Annual aggregate non-gaming spending by visitors to Macau will rise to between US$12 billion and US$14 billion in 2025, estimated the Macao Government Tourism Office (MGTO) in a 15-year master plan for the sector published on Thursday.
The MGTO prediction in the “Macao Tourism Industry Development Master Plan” used 2015 non-gaming spend as a base, where the tally was US$6.55 billion. It said the value spread mentioned in the 2025 prediction was because the actual annual compound growth in the number of visitor arrivals between now and then was a variable and an influencing factor.
Figures from the city’s Statistics and Census Bureau indicated that annual non-gaming expenditure by visitors in 2015 and 2016 was US$6.36 billion and US$6.55 billion respectively.
The document issued on Thursday reiterated a previous estimate by the Macau government that total visitor arrivals could reach 40 million in 2025, using the 2015 tally of 30.71 million as a base.
Some research done by Macau’s Institute for Tourism Studies, published in March 2015, indicated that Macau’s estimated optimal visitor carrying capacity in 2014 was 89,374 to 92,235 visitors per day, which translated to between 32.62 million and 33.70 million visitors per year.
The Thursday document from MGTO also included “action plans” on various issues, such as encouraging integrated resort operators to assist with reducing the use of public transport during peak hours via management of shift schedules.
The casino operators were also encouraged to “consider the future potential for utilising the Cotai border [crossing] for mainland non-resident workers”. The bulk of Macau non-resident workers that travel daily from neighbouring Zhuhai prefecture in mainland China do so via Gongbei on Macau peninsula.
The MGTO master plan also mentioned the development of a theme park “with distinctive features” in Macau. But MGTO director Maria Helena de Senna Fernandes reiterated during a press conference on Thursday that this did not refer to a project that had been proposed by Angela Leong On Kei, an executive director of Macau gaming operator SJM Holdings Ltd and fourth consort of the firm’s founder, Stanley Ho Hung Sun.
Ms Senna Fernandes told local media at a launch event held at Macau Tower for the MGTO paper: “While the idea of a ‘Hello Kitty Land’ is circulating in the community, it is not what we are referring to, because we have yet to see such project [taking shape]. But from what we understand, there are investors of some new tourism facilities who are conducting evaluations in Macau, hence we are unable to disclose any details,” the director said.
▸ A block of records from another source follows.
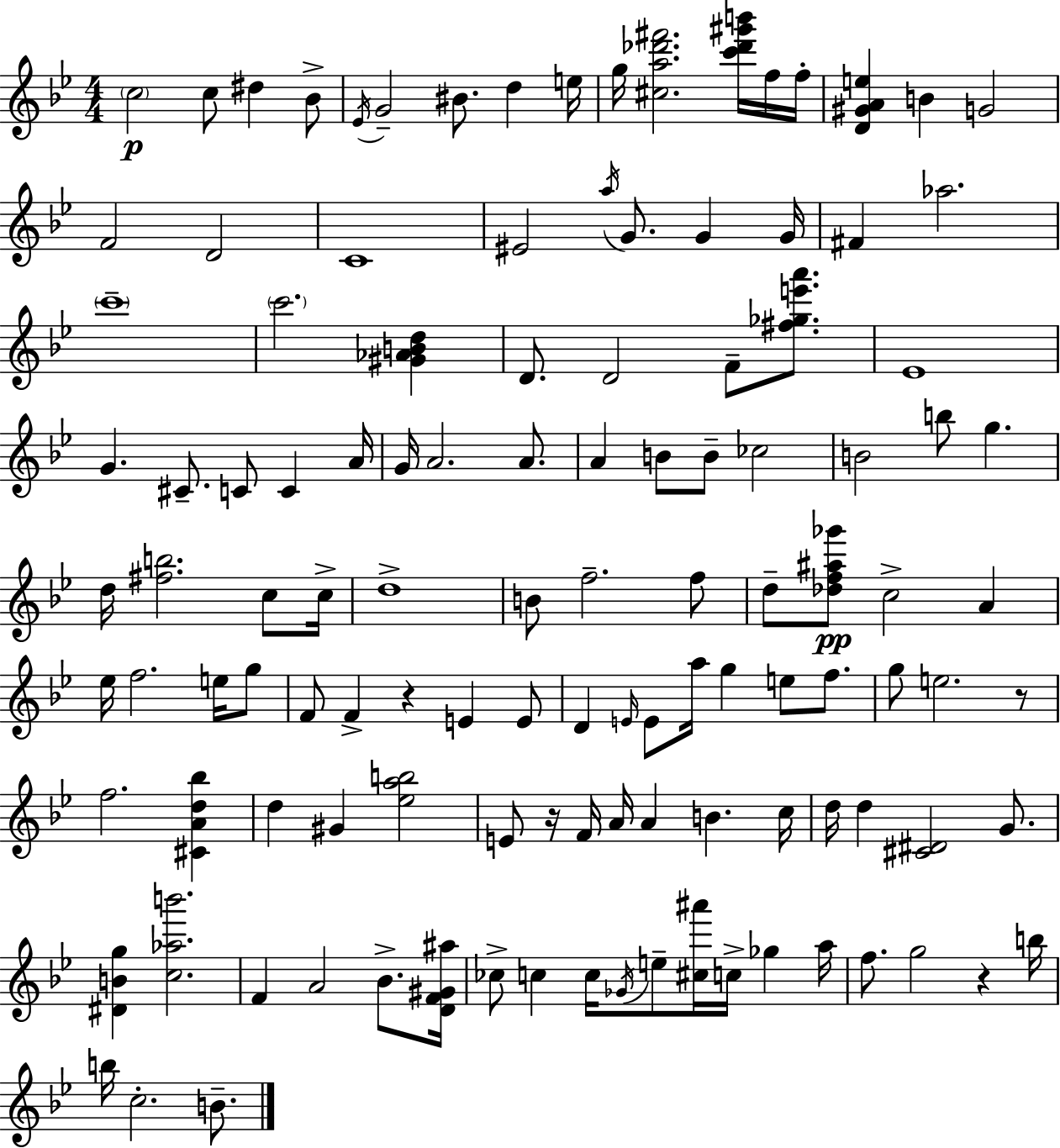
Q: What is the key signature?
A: BES major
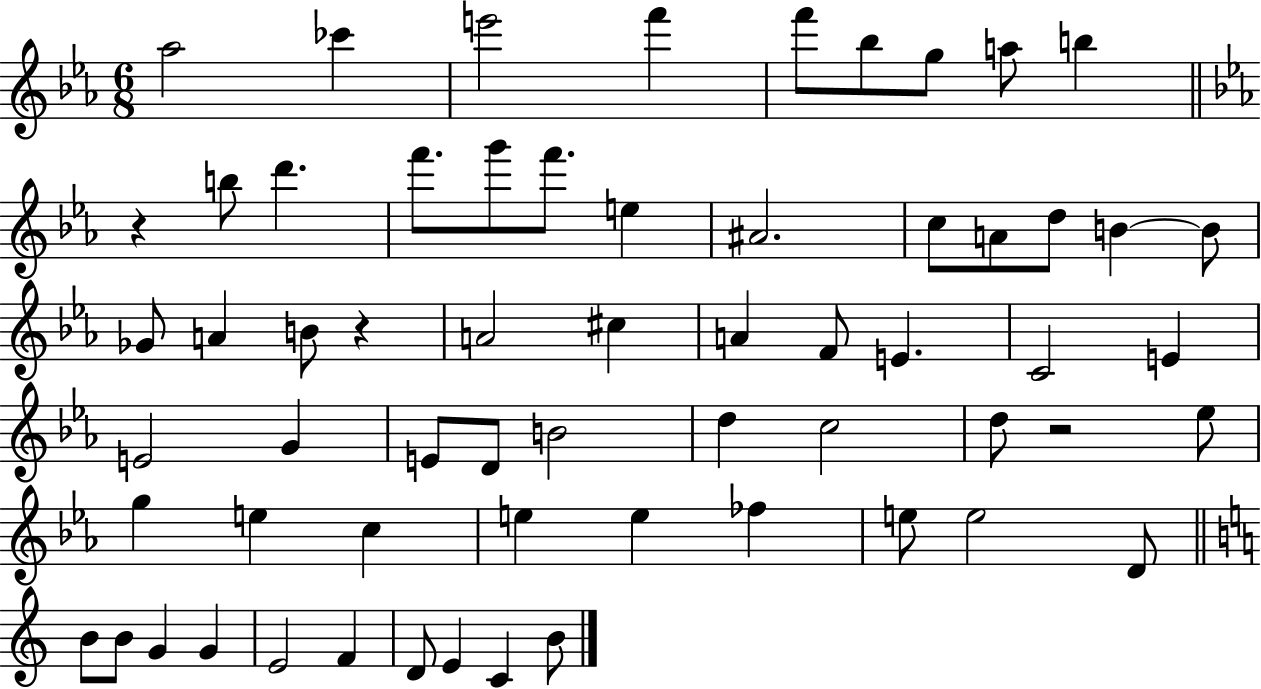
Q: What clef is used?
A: treble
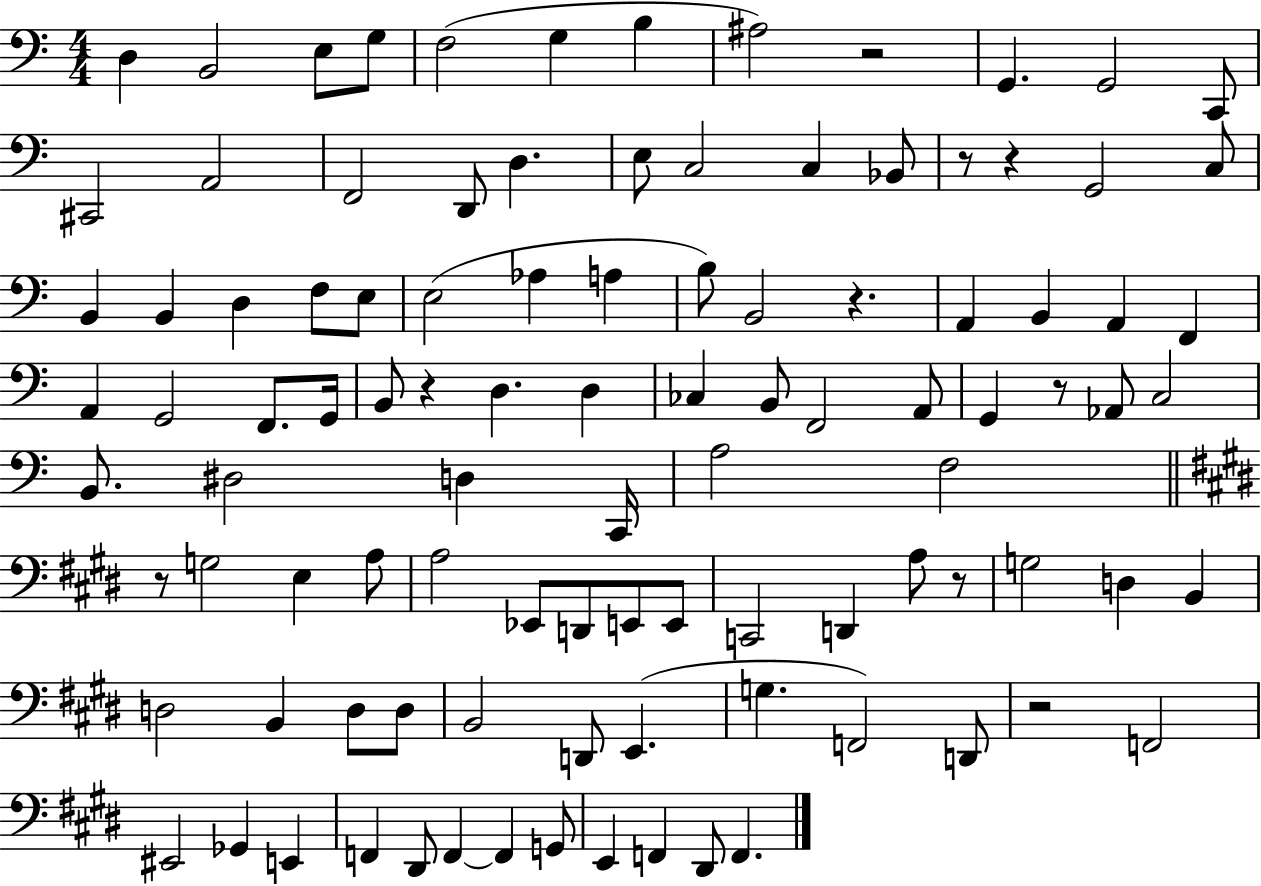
X:1
T:Untitled
M:4/4
L:1/4
K:C
D, B,,2 E,/2 G,/2 F,2 G, B, ^A,2 z2 G,, G,,2 C,,/2 ^C,,2 A,,2 F,,2 D,,/2 D, E,/2 C,2 C, _B,,/2 z/2 z G,,2 C,/2 B,, B,, D, F,/2 E,/2 E,2 _A, A, B,/2 B,,2 z A,, B,, A,, F,, A,, G,,2 F,,/2 G,,/4 B,,/2 z D, D, _C, B,,/2 F,,2 A,,/2 G,, z/2 _A,,/2 C,2 B,,/2 ^D,2 D, C,,/4 A,2 F,2 z/2 G,2 E, A,/2 A,2 _E,,/2 D,,/2 E,,/2 E,,/2 C,,2 D,, A,/2 z/2 G,2 D, B,, D,2 B,, D,/2 D,/2 B,,2 D,,/2 E,, G, F,,2 D,,/2 z2 F,,2 ^E,,2 _G,, E,, F,, ^D,,/2 F,, F,, G,,/2 E,, F,, ^D,,/2 F,,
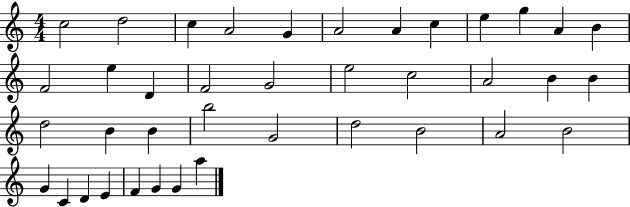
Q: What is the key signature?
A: C major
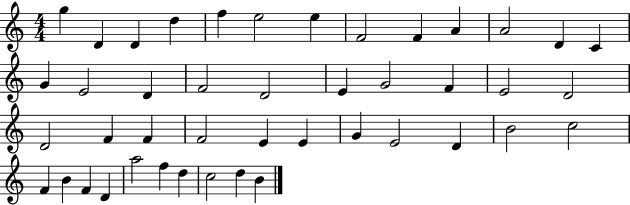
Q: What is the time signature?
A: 4/4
“We are not talking about projects like a Disneyland or an Ocean Park, but some smaller-size products,” she added, referring second to a popular Hong Kong theme park.
The 300-page document also said the possibility of streamlining Macau’s licensing system for establishments including restaurants would be considered: one option mentioned was for a provisional licence to allow businesses to trade pending full licensing. In June it emerged that some third-party managed eateries – some of them trading since 2014 – at Melco Resorts and Entertainment Ltd’s City of Dreams resort on Cotai, had been told to close because they lacked the necessary permits.
The MGTO master plan is the result of two years of “studies and formulation”, for a “blueprint for the development of the Macau tourism industry in the next 15 years and a relevant guideline for future actions”, stated the document.
A cross-departmental “Master Plan Steering” group, to be led by Alexis Tam Chon Weng, Macau’s Secretary for Social Affairs and Culture, will now be established following the release of the plan.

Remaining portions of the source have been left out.